It’s all about the troll who lives under the bridge; the girl without a father; the boy with a third eye hidden in his forehead, a radiant liquid gem, the color of rubies.
It’s about the black bear by the bloodroot on Sunday: the moment of revelation in the rainy garden, right next to the sagging tomato cage and just behind the single aisle of shaggy sunflowers.
It’s about wanting something you can’t have, and about wanting nothing much at all.
It’s about the secret recipe for catfish chowder that came out of that August day on the hidden lake, two generations ago, when the big whiskered fish gave himself up and throngs of hungry people ate for days.
It is, in fact, about being fed, and about feeding the hungry.
It’s about the dispensation of clues without coercion, the unspoken urgency in how things might have been but never were.
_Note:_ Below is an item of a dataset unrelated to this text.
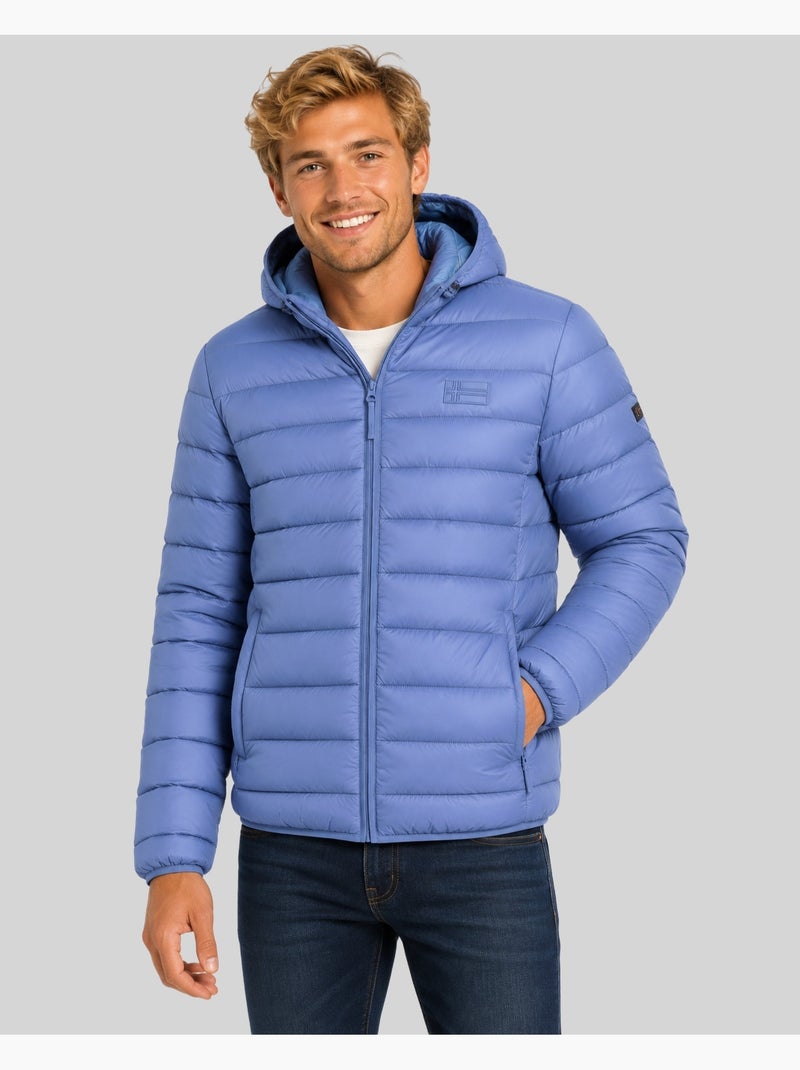 Blouson à capuche amichoko hood – geographical norway Bleu denim - Kiabi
It’s about getting off the country road and pulling in behind that old sedan with blue steam rising from its continent of hood, and then about what happens next: kindness, conversation, redemption, a shift : a chance to tell a different story, later, this time.
--©Laura Sorrells 2012
all rights reserved
This is a version of something I wrote in 2007 when I was in graduate school and planning a research project on the importance of narrative writing in the middle school curriculum. I am far from satisfied with it, but I think it contains a seed or two I may be able to use.